Exercise instructions ▸
Your output must be the line containing "Bird Of Paradise Pub" followed by every later line in the entries below, all copied exactly.

Short web captions ▸
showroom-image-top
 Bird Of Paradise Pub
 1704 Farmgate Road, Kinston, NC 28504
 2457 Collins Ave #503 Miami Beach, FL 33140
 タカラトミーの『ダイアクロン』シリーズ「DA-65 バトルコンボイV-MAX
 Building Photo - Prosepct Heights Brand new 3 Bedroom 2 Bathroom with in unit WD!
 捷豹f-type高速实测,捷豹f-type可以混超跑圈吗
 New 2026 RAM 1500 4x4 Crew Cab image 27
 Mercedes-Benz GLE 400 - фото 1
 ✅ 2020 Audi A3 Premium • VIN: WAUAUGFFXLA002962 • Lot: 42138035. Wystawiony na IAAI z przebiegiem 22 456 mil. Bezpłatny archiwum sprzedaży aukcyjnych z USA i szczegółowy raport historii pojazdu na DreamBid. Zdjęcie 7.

Answer box ▸
 Bird Of Paradise Pub
 1704 Farmgate Road, Kinston, NC 28504
 2457 Collins Ave #503 Miami Beach, FL 33140
 タカラトミーの『ダイアクロン』シリーズ「DA-65 バトルコンボイV-MAX
 Building Photo - Prosepct Heights Brand new 3 Bedroom 2 Bathroom with in unit WD!
 捷豹f-type高速实测,捷豹f-type可以混超跑圈吗
 New 2026 RAM 1500 4x4 Crew Cab image 27
 Mercedes-Benz GLE 400 - фото 1
 ✅ 2020 Audi A3 Premium • VIN: WAUAUGFFXLA002962 • Lot: 42138035. Wystawiony na IAAI z przebiegiem 22 456 mil. Bezpłatny archiwum sprzedaży aukcyjnych z USA i szczegółowy raport historii pojazdu na DreamBid. Zdjęcie 7.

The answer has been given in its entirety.